Seine scharfe Beobachtungsgabe fand bald, in welcher Richtung eine gedeihliche Entwickelung des jungen Geschäfts zu finden sein würde; er bemerkte, daß der wissenschaftlichen Literatur in den bestehenden Antiquariatsgeschäften nicht die Beachtung zuteil wurde, wie sie im Interesse der Gelehrtenwelt lag. Hierher verlegte er also den Schwerpunkt seiner geschäftlichen Tätigkeit, und daß er das Richtige getroffen, zeigte der Erfolg schon nach wenigen Jahren. Viele Nachfolger hatte er in dieser von ihm zuerst eingeschlagenen Richtung gefunden, und das deutsche »wissenschaftliche Antiquariat« steht jetzt auf einer Höhe der Leistungsfähigkeit, wie sie der Buchhandel keiner anderen Nation aufzuweisen vermag. Ulm gebührt das Verdienst, dies zuerst erkannt und praktisch verwertet zu haben.

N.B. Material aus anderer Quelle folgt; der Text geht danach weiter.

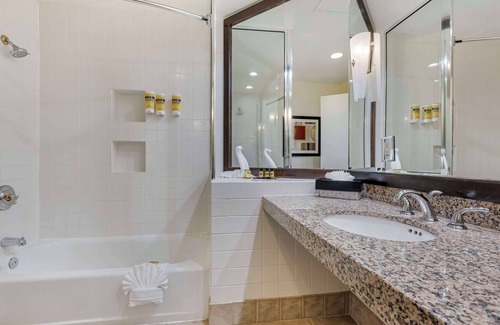 Palm Desert Hotel | Best Western Plus Palm Desert Resort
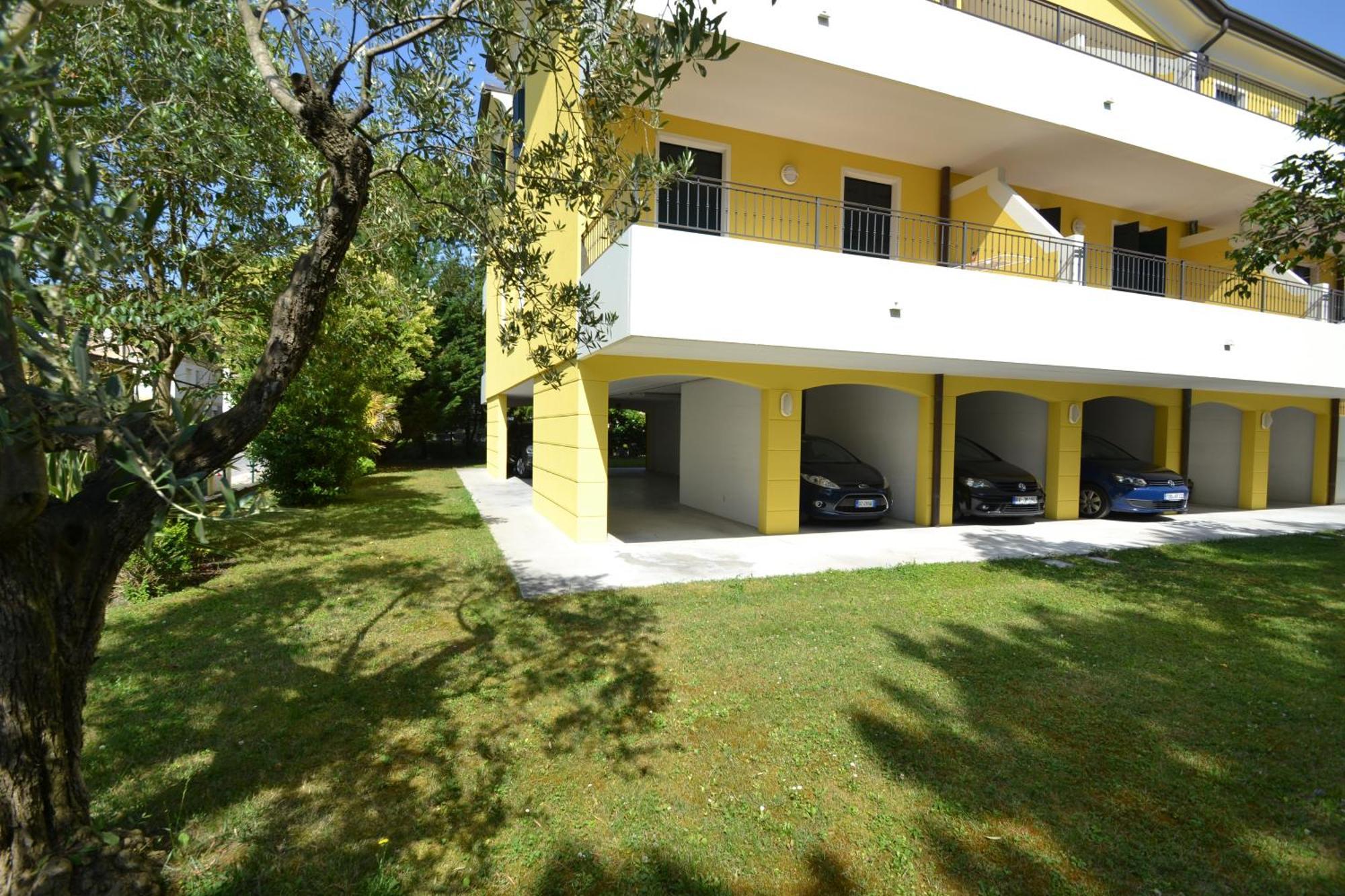 Apartment Poli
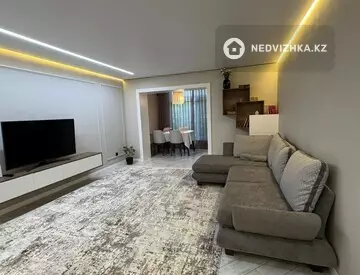 2-комнатная квартира, этаж 2 из 4, 60 м², На длительный срок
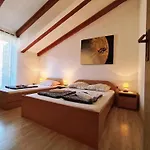 Apartment Bilo Primosten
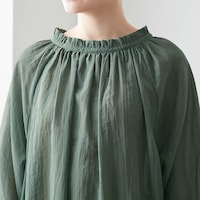 ギャザーの華やかさが引き立つシンプルな着こなしも◎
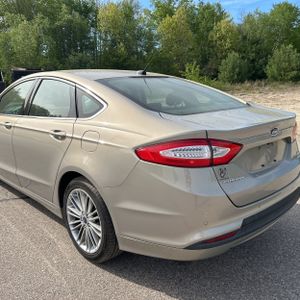 FORD FUSION SE - 6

Die fernere Lebensgeschichte Ulm's fällt zusammen mit der Geschichte der Firma K. F. Koehler's Antiquarium in Leipzig; sie ist niederlegt in den ersten 400 Katalogen dieser Firma, von denen kein Bogen, ohne Ulm's Korrektur passiert zu haben, zum Druck kam; sie ist ferner niedergelegt in einer Reihe schriftlicher Aufzeichnungen, die im Laufe der Jahre entstanden, und die für spätere Zeiten von hohem Interesse sein dürften, denn es war dem Verstorbenen ein Bedürfnis, alles schriftlich zu fixieren, was ihn – freudig oder schmerzlich – im Geiste bewegte. Diese[961] Aufzeichnungen und Erinnerungen zu einer kritischen Geschichte der Entwickelung des deutschen Antiquariatsgeschäftes zu verwerten und zu veröffentlichen – dazu war er leider nicht zu bewegen. Bis zum Tode seines Chefs im Jahre 1872 leitete er – seit 1859 als Prokurist – das Geschäft, und ein auf gegenseitiger Hochachtung beruhendes Freundschaftsverhältnis, wie es selten in solcher Ungetrübtheit vorkommt, verband beide Männer. Diesem schönen Verhältnis gegenüber ließ Ulm sein persönliches Interesse in den Hintergrund treten; die ihm von einem reichen Bücherliebhaber entgegengetragene Gelegenheit, sich in dem selbst errungenen Berufskreise selbständig zu machen, lehnte er – pietätvoll gegen seinen verehrten Chef – ab. Seit 1873 war er Teilhaber der Firma. Ulm starb am 22. April 1884.

Quellen: Centralblatt für Bibliothekswesen 1884.

Quelle:
Rudolf Schmidt: Deutsche Buchhändler. Deutsche Buchdrucker. Band 5. Berlin/Eberswalde 1908, S. 960-962.